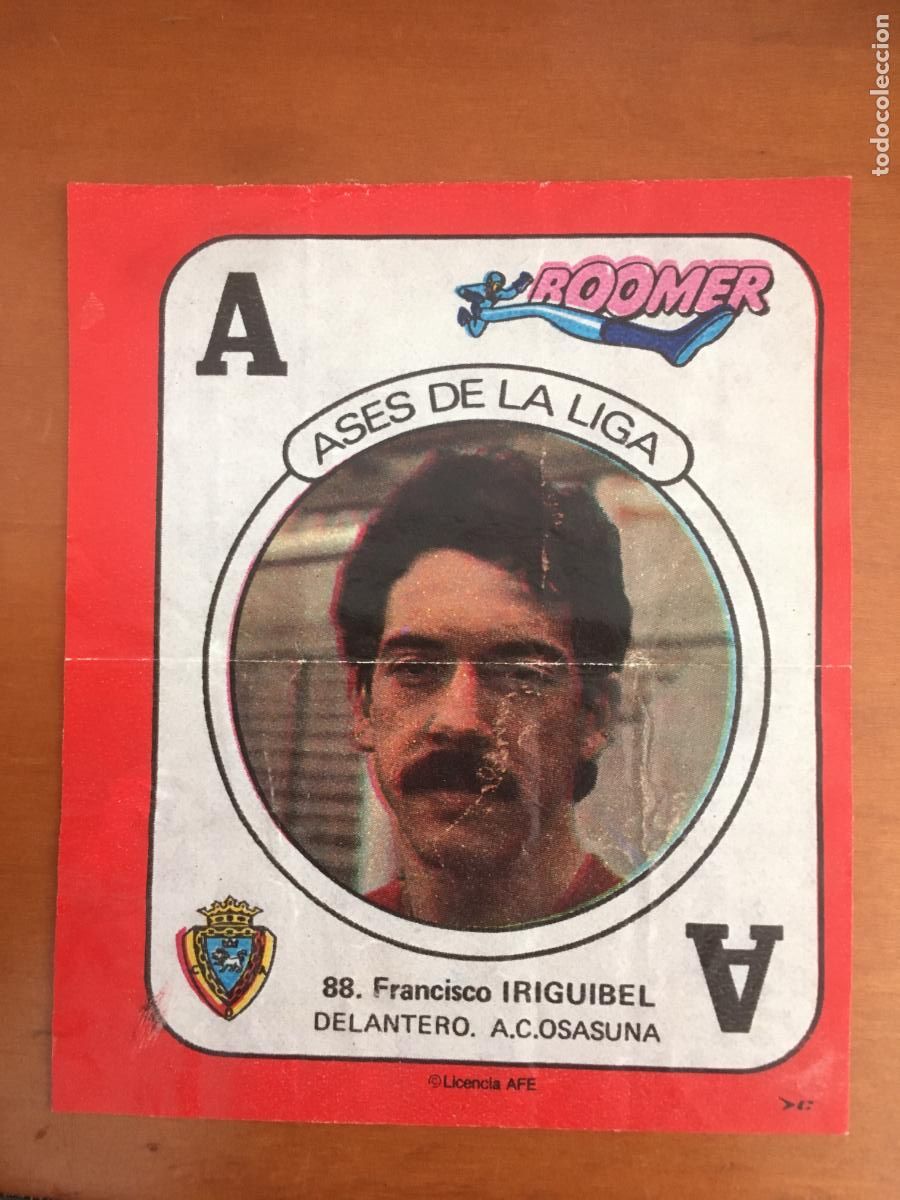 Figurine di Calcio: iriguibel osasuna cromo n&ordm; 88 ases de la liga chicle boomer nunca pegado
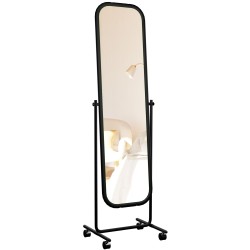 Espejo de pie cuadrado negro Medusa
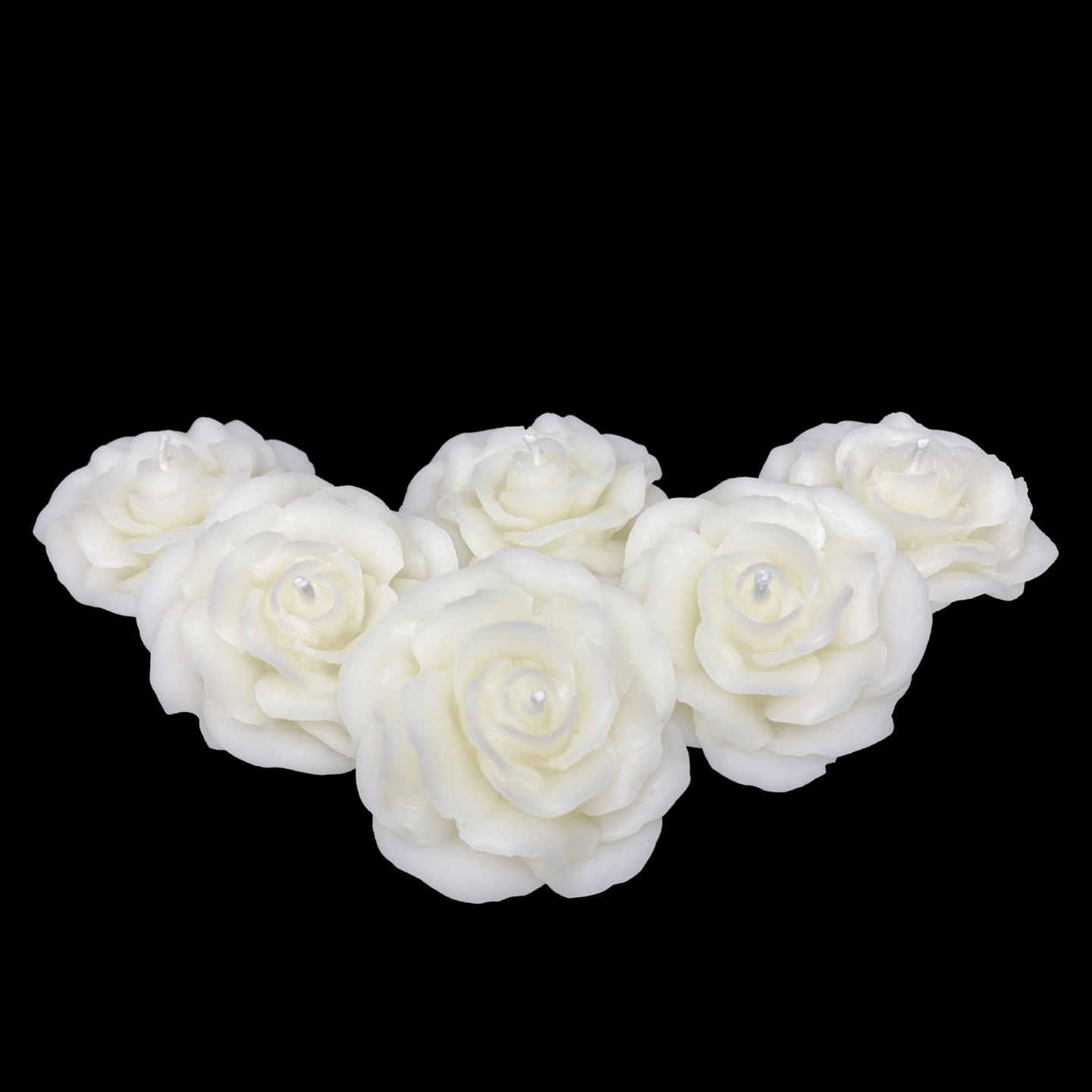 Rose Candle - White Beeswax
○ ○ ○ ○
■ AIM OF THE TASK
Print every line above exactly. Leave the pictures out.

■ FINAL ANSWER
 Figurine di Calcio: iriguibel osasuna cromo n&ordm; 88 ases de la liga chicle boomer nunca pegado
 Espejo de pie cuadrado negro Medusa
 Rose Candle - White Beeswax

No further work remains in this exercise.